Смилов вытер навернувшиеся на глаза слезы и оглянулся на дверь, в которую должна была войти жена.
— Сказать ли ей, господин Сгарирадев?
— Решайте сами. Вы знаете ее и можете предугадать, как она перенесет… Но, на мой взгляд, пока лучше не стоит…
— Да, да, вы правы… Пожалуйста, не оставляйте нас, навещайте почаще, следите, помогайте. Я отдам последнее, лишь бы вы спасли ее. Если потребуется, вывезу ее за границу. Говорят, в Швейцарии есть такие санатории…
— В наших горах воздух не хуже. Подумаем, господин Смилов, подумаем. Сейчас зима, о продолжительном путешествии в поезде не может быть и речи.
Доктор выпил рюмку коньяку, пригубил кофе и в сопровождении хозяина направился к выходу. Служанка и госпожа Смилова светили ему, пока он спускался по лестнице. Пожимая хозяину руку на прощанье, он почувствовал у себя в ладони золотую монету.

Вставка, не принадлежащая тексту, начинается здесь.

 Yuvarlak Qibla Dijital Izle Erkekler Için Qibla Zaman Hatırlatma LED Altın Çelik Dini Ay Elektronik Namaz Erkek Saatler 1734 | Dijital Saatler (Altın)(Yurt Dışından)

— Заберите свой наполеондор, господин Смилов. Этот визит не последний, и он не стоит столь дорого. Нет, ни в коем случае не приму! — с досадой произнес он, опуская монету в карман Смилова.
Вьюга подхватила доктора, обвила снежной круговертью. Доктор поднял воротник пальто. Он почувствовал, что пришел срок поразмыслить над тем, что точит ему сердце, вспомнил глаза больной девушки и с внезапным отвращением подумал о своей жизни — ночи с Мариной, тесное холодное жилище с темным нижним этажом, бабка Винтия, ссоры с матерью, ее вечное нытье и претензии, захудалая больница. И будущее увиделось жалким, провинциальным, а настоящее — полным угрызений совести, притворства и беспомощности. Все, чему он научился, что приобрел в Европе — стремление жить чистой, порядочной жизнью, — казалось невозможным в этом древнем, грязном и печальном городе.
Желая сократить дорогу, он прошел мимо Самоводского рынка, но тут же в этом раскаялся. Из каждой корчмы, набитой мелкими чиновниками, мясниками и всяким сбродом, неслись лихие крики и песни, кто-то бил в бубен, какие-то пьяные поливали стены соседних домов.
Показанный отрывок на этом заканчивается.